Exercise instructions
Without the pictures, print the lines running from the beginning of the material to the line containing "FoneKit MagSafe-yhteensopiva BookCase", both ends included.

Supplied data
-- Opening Marker --
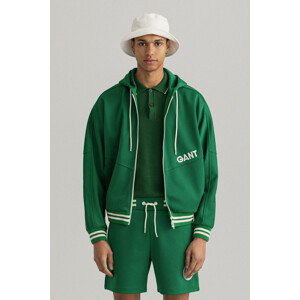 MIKINA GANT D.1 RACQUET CLUB FULL ZIP HOODIE zelená XXL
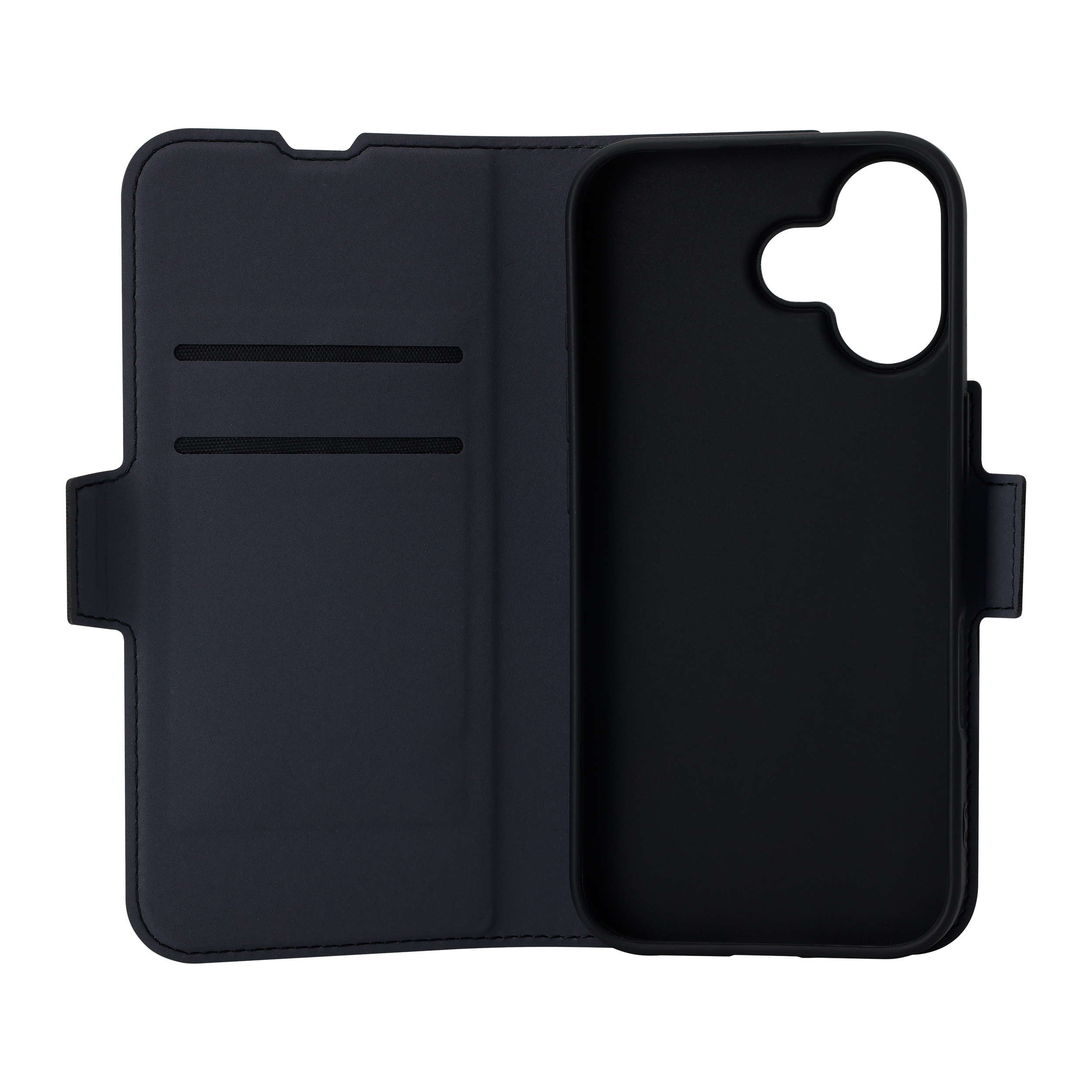 FoneKit MagSafe-yhteensopiva BookCase suojakotelo, iPhone 17, musta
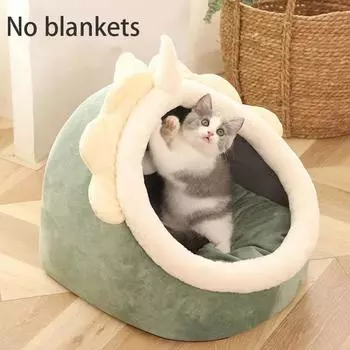 Кошачья кровать, дом, конура, гнездо, круглое гнездо для домашних животных, спальная пещера, кровати для котят, корзина для домашних животных, уютный шезлонг для котенка, подушка для кошачьего домика, палатка, домик для собаки S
-- Closing Marker --
Solution
 MIKINA GANT D.1 RACQUET CLUB FULL ZIP HOODIE zelená XXL
 FoneKit MagSafe-yhteensopiva BookCase suojakotelo, iPhone 17, musta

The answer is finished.